Results of 2D PIC simulations. The plasma density perturbations in front of the target at the end of simulation.

The plasma distortion in front of the target is shown in Figure 14. In this region, energetic electrons are generated directly by laser fields. When these electrons propagate into the bulk solid, abundant plasma and atomic interactions take place therein. As shown in Figures 15(a) and 15(b), collision ionization would dramatically increase the electron density. Typically, the ionization and plasma temperature decrease rapidly along the electron propagation direction. When comparing with 1D simulations, we find some filamentation structures in the electron density and temperature distributions. This kind of filamentation is due to two-stream or/and Weibel instabilities.

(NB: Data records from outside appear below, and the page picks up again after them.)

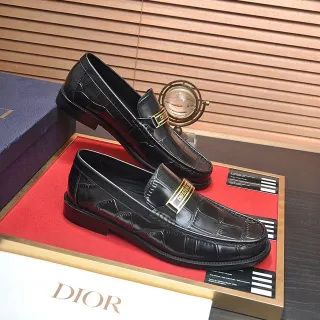 Dior Black Gold Crocodile-Embossed Leather Plaque Detail Loafer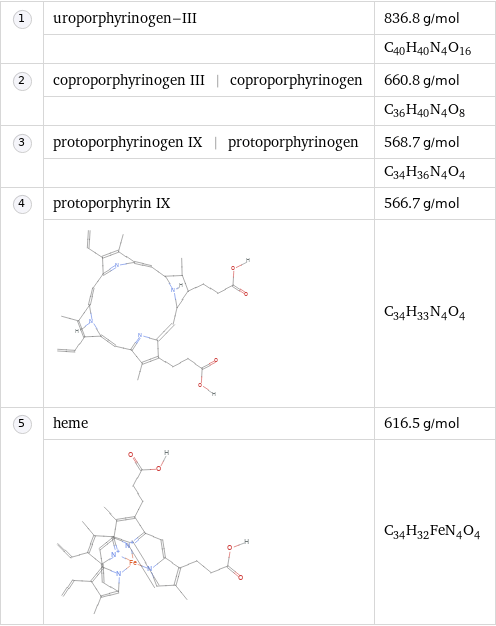  | uroporphyrinogen-III | 836.8 g/mol  | | C_40H_40N_4O_16  | coproporphyrinogen III | coproporphyrinogen | 660.8 g/mol  | | C_36H_40N_4O_8  | protoporphyrinogen IX | protoporphyrinogen | 568.7 g/mol  | | C_34H_36N_4O_4  | protoporphyrin IX | 566.7 g/mol  | | C_34H_33N_4O_4  | heme | 616.5 g/mol  | | C_34H_32FeN_4O_4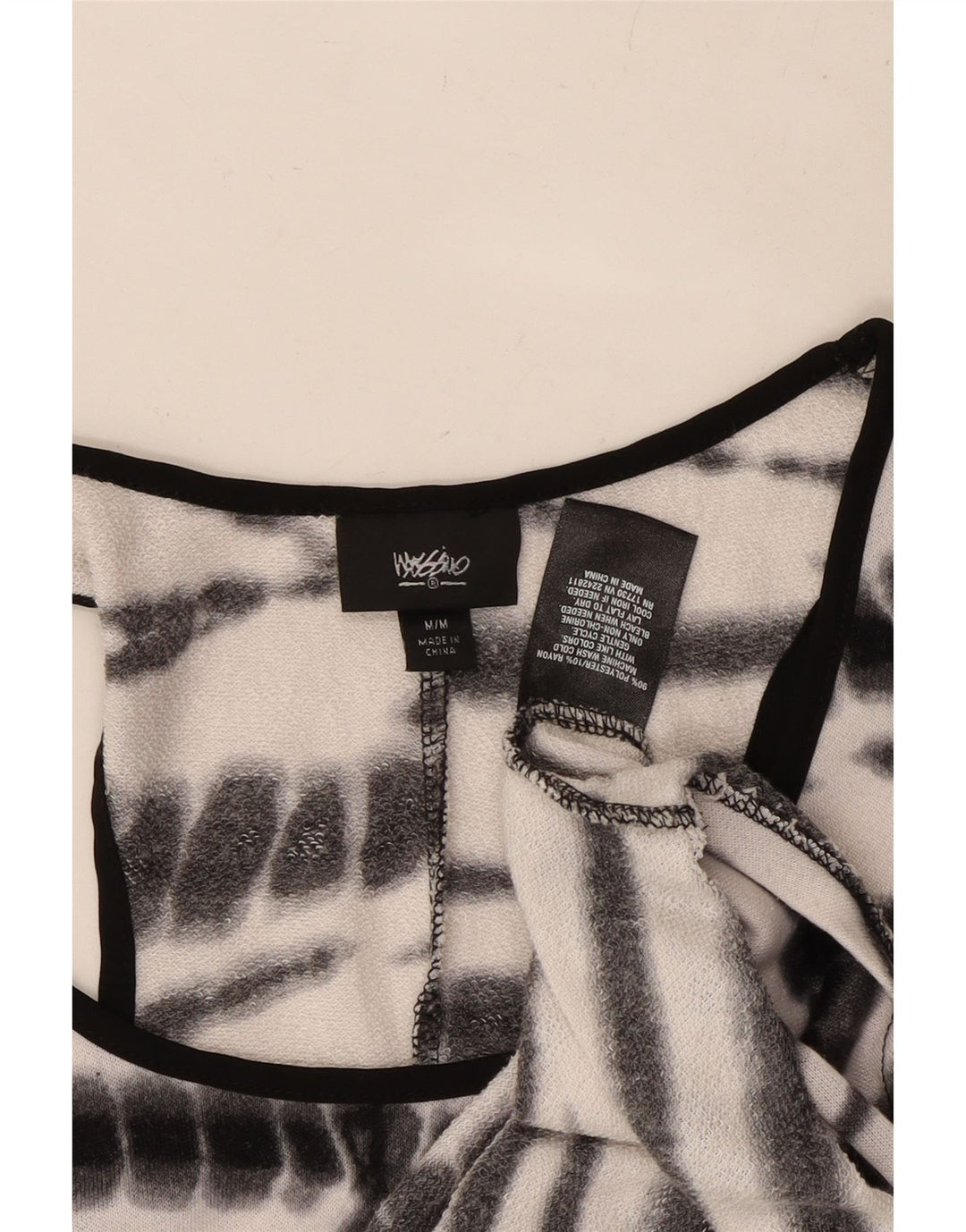 MOSSIMO Womens Sleeveless T-Shirt Dress UK 12 Medium White Tie Dye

The propagation of electrons could generate magnetic fields. Except electromagnetic instabilities, like Weibel instability, there are two sources that can generate strong magnetic fields: (i) $\unicode[STIX]{x1D6FB}\times \boldsymbol{B}=4\unicode[STIX]{x1D70B}\boldsymbol{J}/c$ ; (ii) $-\unicode[STIX]{x2202}\boldsymbol{B}/\unicode[STIX]{x2202}t=\unicode[STIX]{x1D6FB}\times \boldsymbol{E}$ . As shown in Figure 15(c1), in front of the target, this magnetic field is fully due to the forward $\boldsymbol{J}_{e}$ , i.e., the first-generation mechanism, which could cause the divergence of electron beams. When these electrons propagate into the solid, the forward $\boldsymbol{J}_{e}$ is quickly neutralized by return current. The total current density is close to zero, and therefore the first mechanism is not effective any more. However, because of the strong collision effect, a resistive electric field $E_{z}=\boldsymbol{J}_{e}/\unicode[STIX]{x1D70E}$ can be generated, which in turn could induce the resistive magnetic field, through the second-generation mechanism. This magnetic field, as shown in Figure 15(c2), could collimate electron beams.

Figure 15.

Results of 2D PIC simulations. (a) The plasma density in the inner part of the target at the end of simulation time. (b) The plasma temperature in the inner part of the target at the end of simulation time. (c1) The magnetic fields, normalized by $eB/m_{e}\unicode[STIX]{x1D714}_{0}$ , generated by the forward-propagating fast electrons. (c2) The resistive magnetic fields, normalized by $eB/m_{e}\unicode[STIX]{x1D714}_{0}$ , generated by the Ohmic return current.

In Figure 16, we also present the angular distribution and energy spectra of emitted photons. The diffraction angle obtained in the 2D simulation is significantly higher than 1D, which can be as large as $30^{\circ }$ . The ‘cut-off’ frequency of emitted photons is significantly smaller than in 1D simulations. This is because, short laser pulse and pre-plasma scale length are used in 2D simulations. The maximal electron energy in 2D simulations is much smaller than that in 1D simulations.